ASSIGNMENT:
Give a verbatim copy of the data, leaving the pictures out.
----- INFORMATION SUPPLIED
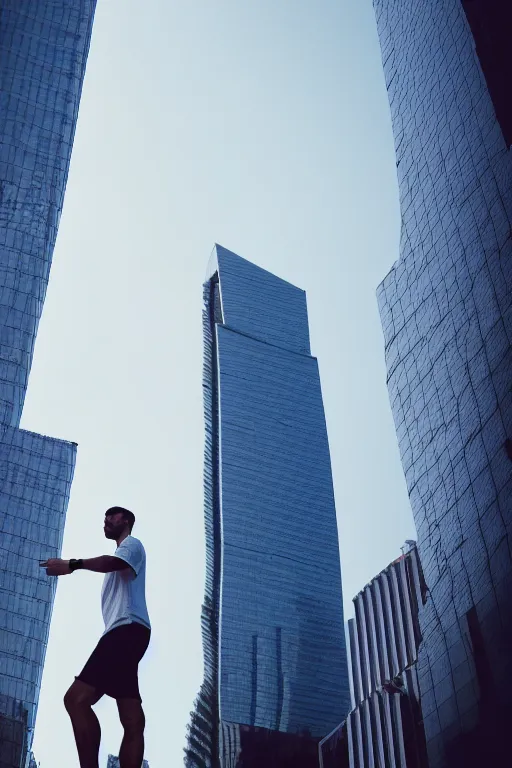 Prompt: man larger than skyscrapers wearing tight white shorts walks around the city, low angle shot, photography, highly detailed, trending on artstation, award winning photography, 4 k, highly detailed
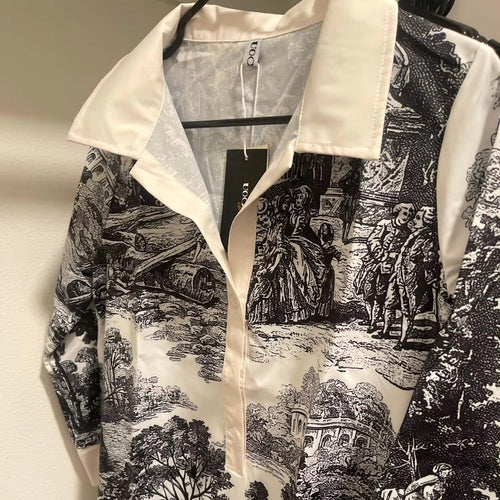 Avery | Women's Vintage Toile Print Mini Tunic Dress - image 2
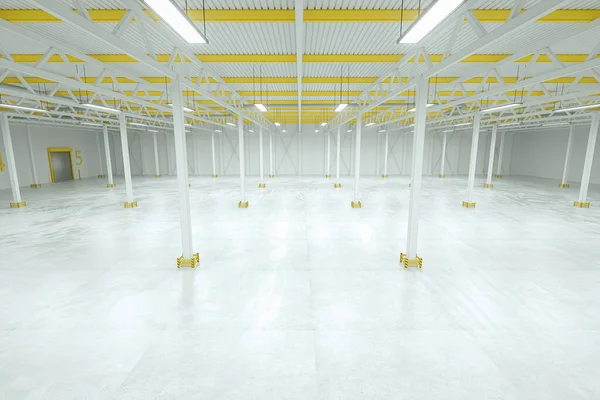 3D render Industrial empty warehouse factory light room. automobile warehouse, logistics, production, factory. Copy space.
----------
WRITTEN SOLUTION:
 Prompt: man larger than skyscrapers wearing tight white shorts walks around the city, low angle shot, photography, highly detailed, trending on artstation, award winning photography, 4 k, highly detailed
 Avery | Women's Vintage Toile Print Mini Tunic Dress - image 2
 3D render Industrial empty warehouse factory light room. automobile warehouse, logistics, production, factory. Copy space.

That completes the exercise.